Like Rajan, the NDA has also been doing its homework. On January 10, 2017, a rally was taken to the Wayanad district collector’s office under the banner of “SC-ST Morcha”, highlighting the issue of Adivasi landlessness. The narrative used was borrowed from autonomous Dalit-Adivasi movements, invoking land held illegally by plantations and ongoing land struggles in Chengara and Arippa. The Paniya participants of the rally merely said they were following the others while coming down to the collector’s office.
Land is thus proving to be an Achilles’ heel in Kerala politics for the Sangh to make inroads into the Adivasi settlements.
The rally by BJP in the district headquarters of Wayanad. The banner reads: “Thousands of Landless Adivasi households, households without pattayam, increasing atrocities against the Adivasis: Collectorate march and rally: SC-ST Morcha District Committee, Wayanad”. Credit: Sudheesh R.C.
What is land?
Dalit leader Jignesh Mevani’s rallying call of “Keep your cow’s tail, give us our land” has once again highlighted at the national level the significance of land for marginalised social groups. Fifteen years on, Muthanga still reminds the Kerala society of its unfulfilled land promises to the Adivasis.
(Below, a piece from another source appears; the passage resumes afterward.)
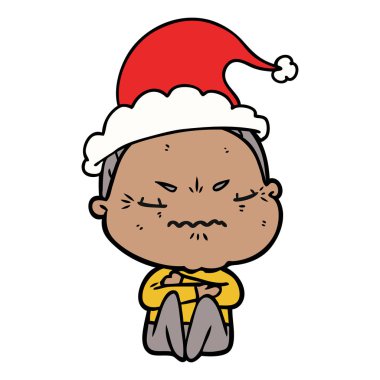 Noel Baba şapkası giyen rahatsız bir yaşlı kadın, çizgi çizme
At the same time, land is not a static entity. In the context of Adivasi landlessness in Kerala, land has become a record of the changing patterns of tussles between different political groups to bring the Adivasis under their fold and gain/retain visibility. It is also a register of structural changes happening around. Land acquires meaning through the specific permutations of prevailing notions of value, legal-administrative instruments used to control access and intergenerational changes in aspirations, among others. Rajan, Gopalan and Geetha are all navigating these features of land through their own struggles.
Land redistribution that does not take these complexities into account is likely to remain merely land distribution, devoid of its egalitarian spirit.
Note: Names of people have been changed to protect their identity.
Sudheesh R.C. is a DPhil candidate at the department of international development, University of Oxford. His work engages with the impacts of agrarian change and land policies on landless Adivasis in Kerala.